Habríamos ido en agosto a Sarabia a visitar la casa de los abuelos. Mís tíos regresarían de Estados Unidos y habría asado de boda, chicharrones, tambora y norteño. Entraríamos al patio que abuelita Rita barría día y noche sin descanso, quitaríamos la cadena de la puerta y atravesaríamos el zaguán para entrar a las “salas” y dejarnos caer sobres la frescura de las camas que ella, mi abuelita, había hecho más altas de lo normal con latas de chiles jalapeños.

Ahora ya no podemos. En el gran patio de la casa de mi abuelito Pedro y mi abuelita Rita deambula una vaca, esa que todos vimos en cadena nacional, abandonada a su suerte, al capricho de otros. De los cuartos un olor nauseabundo emana y seca las pocas plantas que sobrevivieron: es el olor del saqueo, del asco que nos provoca pensar en las manos asesinas que revolvieron las ropas, las fotografías, los recuerdos y las esperanzas de nuestros abuelos, nuestras hermanas, nuestras madres y nuestros amigos.

Del Yeje o del Colorado, de Villa Hermosa o de González saldrían las camionetas de los durazneros cargadas de rejas apretadas de fruta. Por las laderas de la loma bajarían las vacas repuestas y panzonas gracias al buen año. Habría rodeos, jugadas de beisbol en Palmas Altas; de rancho a rancho viajarían los jugadores en las cajas de las camionetas, algunos se reirían de las "charras" que contaría el gracioso del pueblo; otros se mantendrían en silencio pensando el picheo de esa mañana.

Lo que se ve ahora son las caravanas. Las tristes filas de los desplazados, largas como su miedo, serpenteantes como chirrioneras invisibles que les acalambran las piernas. Aunque hace ya mucho que pasaron, todavía se escucha el silencio de su travesía: aquí es mejor no reír, no hacer ruido, entrar rápido y salir con lo poco que queda, aguantarse las ganas de llorar frente a los corrales y los talleres, a un lado de los cascajos de las camionetas desmanteladas, morderse los labios para que los de la guardia no les vean el llanto, para que no caiga sobre la tierra y los otros lo pisoteen cuando regresen de madrugada. Por la ladera hay un reguero de huesos secados por el tiempo, ¿serán las vacas o serán hombres?

A Jerez venían a las ferias, al mandado, a comprar botines o fierros viejos, el cambio de ropa para la fiesta de la virgen. Llegaban los domingos o el sábado de Gloria, se quedan un día o tres y subían de nuevo a sus ranchos dejándonos sus adioses, sus saludos, sus “dios se lo pague” y sus “cómo esté mucho”.

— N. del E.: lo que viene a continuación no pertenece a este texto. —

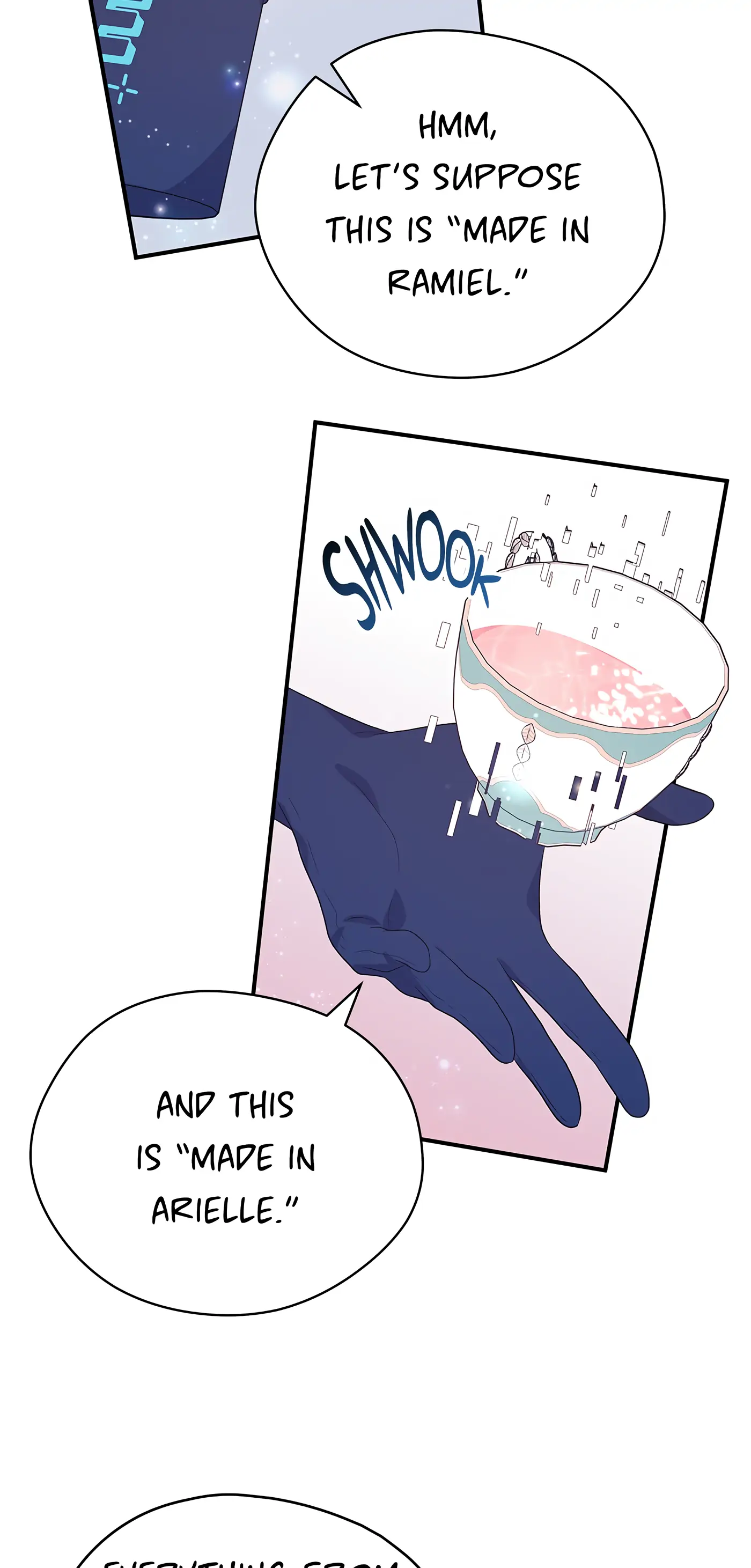 I’m Not a Warrior! Chapter 80 - Page 35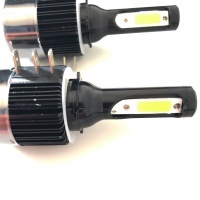 2 LED-Lampen H15 HEADxtrem C6 7600lumen 72W - Reinweiß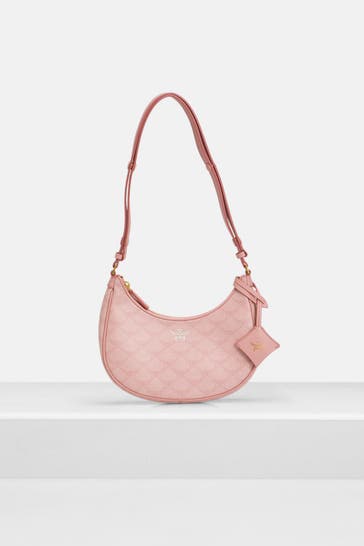 MCM Schultertasche 'Himmel' rosa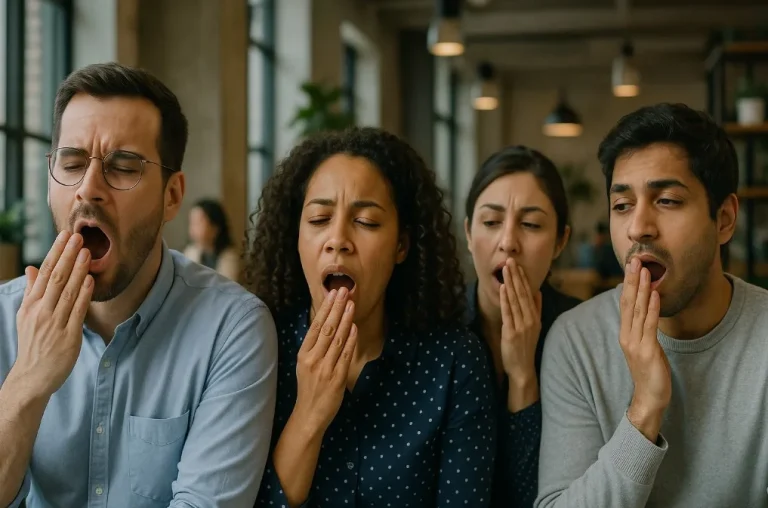 Why Are Yawns Contagious
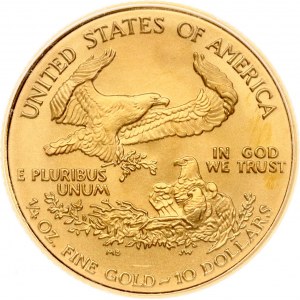 USA 10 dolarů 2005 PCGS MS 69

Ahora no tienen palabras. Apenas y traen consigo lo que llevan puesto. Los más afortunados ocupan las casas solas de sus parientes; a los otros les falta un rincón, un techo. Unos y otros se acomodan como pueden y no saben, de veras no saben, por cuánto tiempo han de quedarse.

Los que han leído mis cuentos, los que me conocen, saben del amor que siento por Sarabia, por sus historias y sus recuerdos. Allí vivieron toda su vida mis abuelos, de allí salieron mis familiares a ganarse la vida, a juntar algo para poder regresar a vivir su vejez en la casa que los vio nacer. Por eso la impotencia y el desconsuelo, la tristeza que me causa el abandono de las tierras, de las casas, de la vida. Pero sé que mi pena o mi encono no se compara con la desesperanza, el miedo y el coraje de las mujeres y los hombres que han visto cómo les han arrebatado el patrimonio, la tranquilidad, su derecho a vivir en paz. No les queda más que la dignidad y el abandono.

La dignidad es de ellos, esa no se pierde; el abandono se los ha restregado en la cara el gobierno, llámese como se llame, del nivel que sea. Y no es justo, no es humano, no tiene perdón.